Si hacemos muchas más permutaciones y, además, operamos a nivel de bit en lugar de a nivel de carácter, el resultado es mucho más impresionante.

La potencia de la criptografía simétrica no reside en el algoritmo de “destrozo”, que generalmente es conocido (en la Wikipedia pueden encontrar explicaciones muy asequibles acerca de los más comunes, como DES o RC5). No. La potencia reside en la clave, que es secreta. El algoritmo realiza sus permutaciones y zarandeos basándose en esa clave, de forma que una clave provoca una determinada encriptación, y otra clave ligeramente distinta nos proporciona una encriptación completamente diferente.

Así, aunque conozcamos el algoritmo utilizado, no podremos revertir los pasos sin conocer la clave.

Siempre nos queda la posibilidad de atacar el texto encriptado por fuerza bruta, es decir, probando todas las claves posibles hasta que una de ellas produzca un texto con sentido. Por ese motivo, las claves suelen ser de 64 o 128 bits. El número de combinaciones que se pueden obtener con esos bits es enorme, como ustedes ya sabrán. Con la potencia de cálculo de los ordenadores actuales se calcula que, si todas las máquinas disponibles en el planeta Tierra se pusieran a cooperar a tiempo completo para tratar de probar todas las posibilidades con una clave de 128 bits, tardarían más tiempo que la edad estimada del universo.

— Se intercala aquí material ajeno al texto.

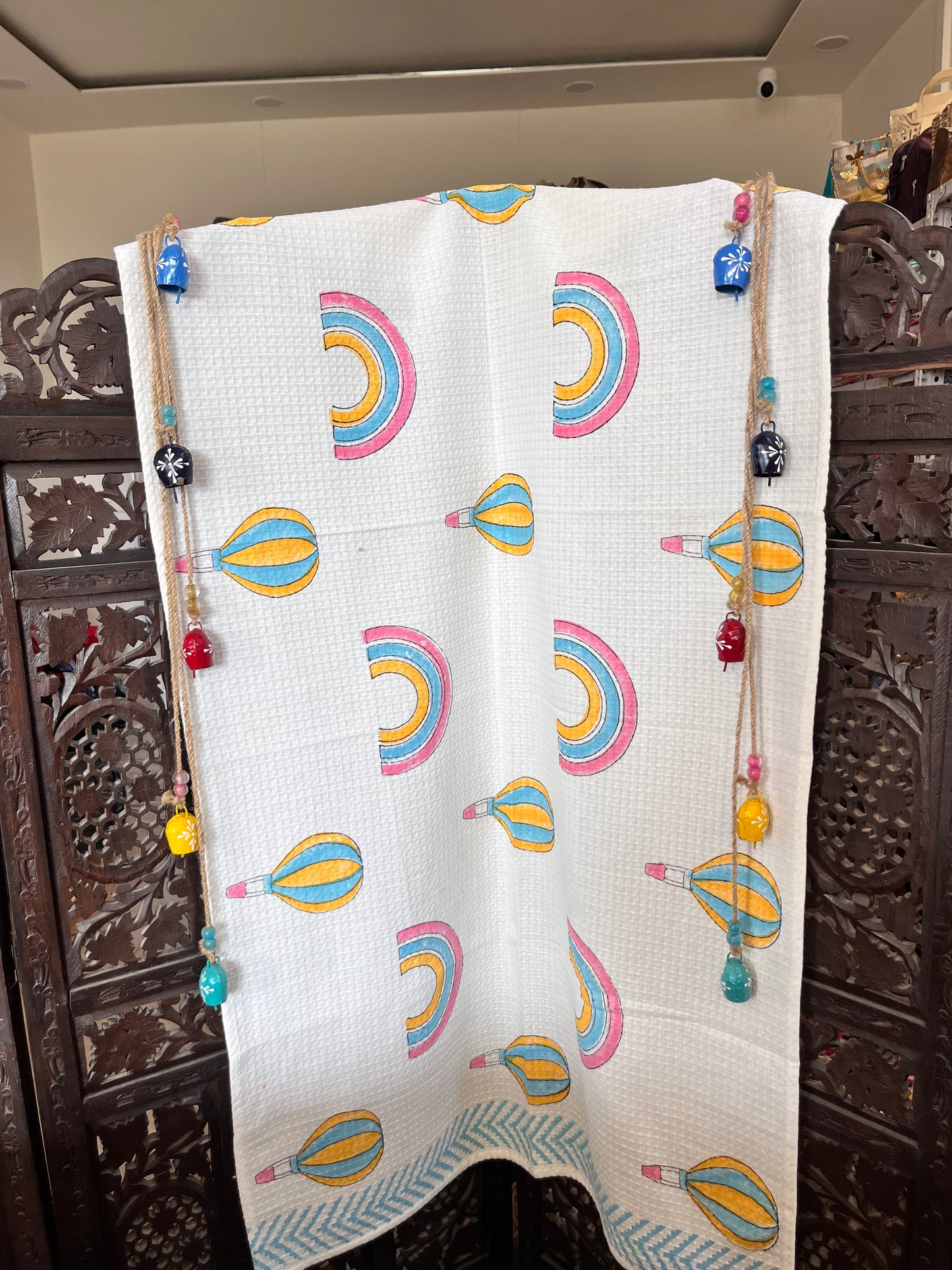 Hot Air Balloon & Rainbow Print White Cotton Bath Towel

(Por ese motivo, comprenderán ustedes que aún me duelan las quijadas por el ataque de risa incontenible que me provocó una escena de la película Operación Swordfish, en la que el protagonista consigue reventar un RC5 de 128 bits en 45 segundos mientras le apuntan con una pistola en la cabeza y le practican una felación)

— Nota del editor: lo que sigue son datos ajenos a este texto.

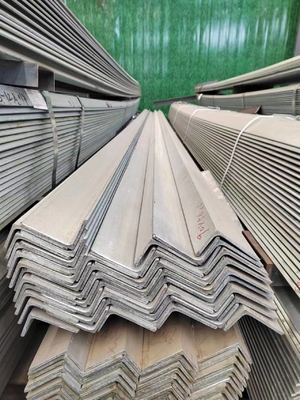 Acciaio laminato a caldo/MS angoli L Profillo uguale o disuguale angoli di acciaio Tolleranza primaria di ± 1%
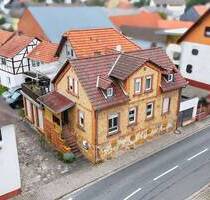 Großzügiges Mehrfamilienhaus mit 3 Wohneinheiten, Gewerbeflächen, Gartenidylle & Potenzial - Hasselroth Niedermittlau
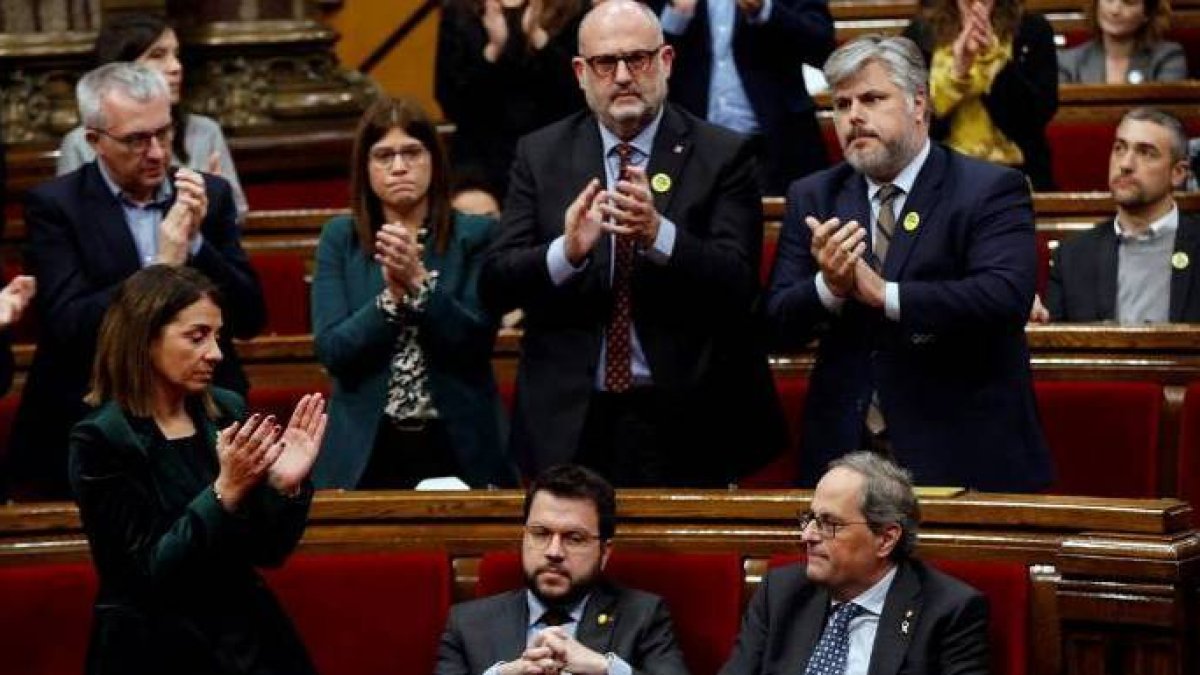 La foto de la ruptura: Aragones (ERC) se niega a aplaudir a Torra (Junts).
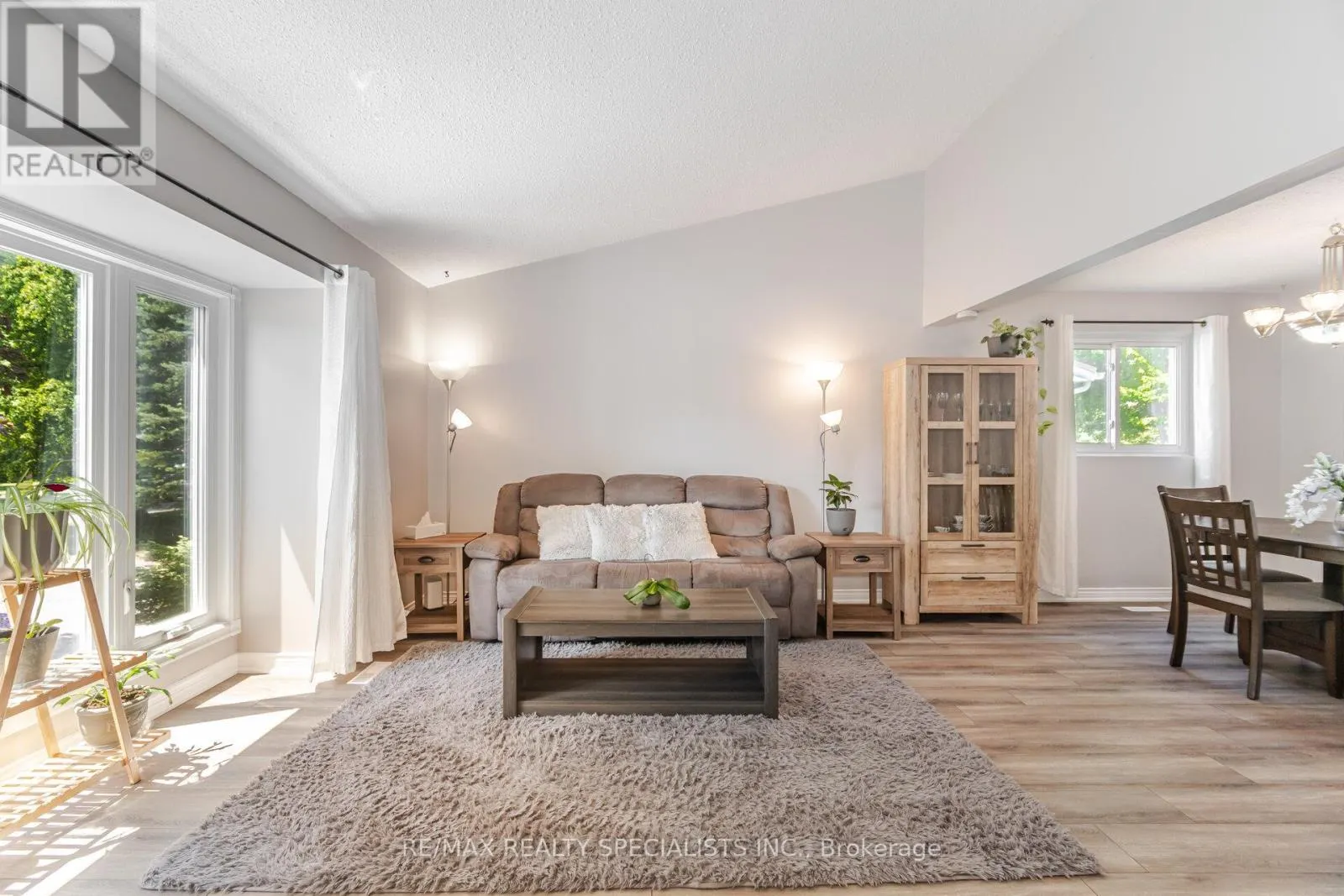 325 KINGSVIEW DRIVE
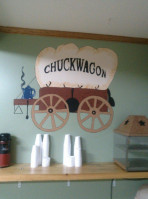 G M Chuck Wagon food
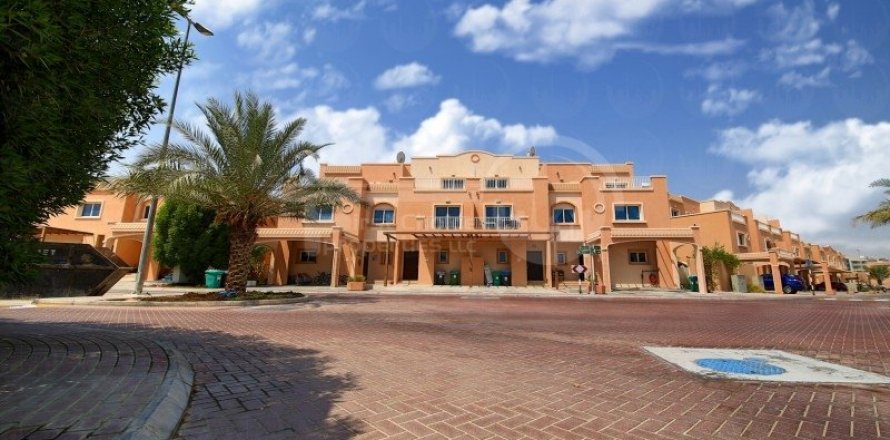 5 bedrooms Villa in Al Reef, UAE No. 12778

Los algoritmos simétricos de 128 bits son, por lo tanto, muy seguros. Cuando en un sitio web le pidan que introduzca una palabra clave de, al menos, no sé cuántos caracteres, piense que lo hacen por seguridad, no porque disfruten torturando a los visitantes obligándoles a recordar contraseñas kilométricas.

Sin embargo, la criptografía simétrica tiene un problema: si la clave cae en malas manos (otra vez el “espía enemigo”), toda el tinglado se viene abajo. Como lo que pretendemos, en principio, es enviar mensajes seguros a otra persona (el receptor), por fuerza este receptor tiene que conocer la clave que hemos usado para encriptar. ¿Pero cómo se la mandamos? Si se la hacemos llegar sin encriptar puede ser interceptada, y todo el mensaje quedará comprometido. Si se la enviamos encriptada, necesitaremos otra clave más para hacer esta otra encriptación, que a su vez debemos hacer llegar al receptor por un conducto seguro. Y así hasta el infinito y más allá.

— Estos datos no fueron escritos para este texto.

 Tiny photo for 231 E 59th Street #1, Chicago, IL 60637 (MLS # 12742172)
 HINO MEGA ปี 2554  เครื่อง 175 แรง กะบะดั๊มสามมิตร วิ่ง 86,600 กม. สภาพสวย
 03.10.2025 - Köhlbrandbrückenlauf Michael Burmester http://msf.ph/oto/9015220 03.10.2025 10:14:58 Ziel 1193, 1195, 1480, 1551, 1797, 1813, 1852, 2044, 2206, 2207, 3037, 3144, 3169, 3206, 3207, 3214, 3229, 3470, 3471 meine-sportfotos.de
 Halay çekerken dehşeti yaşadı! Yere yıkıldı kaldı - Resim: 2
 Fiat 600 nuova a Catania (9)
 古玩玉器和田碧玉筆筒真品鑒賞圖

No nos vale. El algoritmo de encriptado tiene que ser tal que, aunque el “espía enemigo” intercepte el mensaje, conozca el algoritmo y conozca la clave de encriptación, no tenga manera humana (ni computacional) de desencriptar el texto. ¿Es posible lograr esa maravilla? Por supuesto. Se llama criptografía asimétrica, un nombre, como ven, muy original. Es que los criptógrafos gastan toda su capacidad de inventiva en idear nuevos algoritmos. Pero de la criptografía asimétrica hablaremos otro día.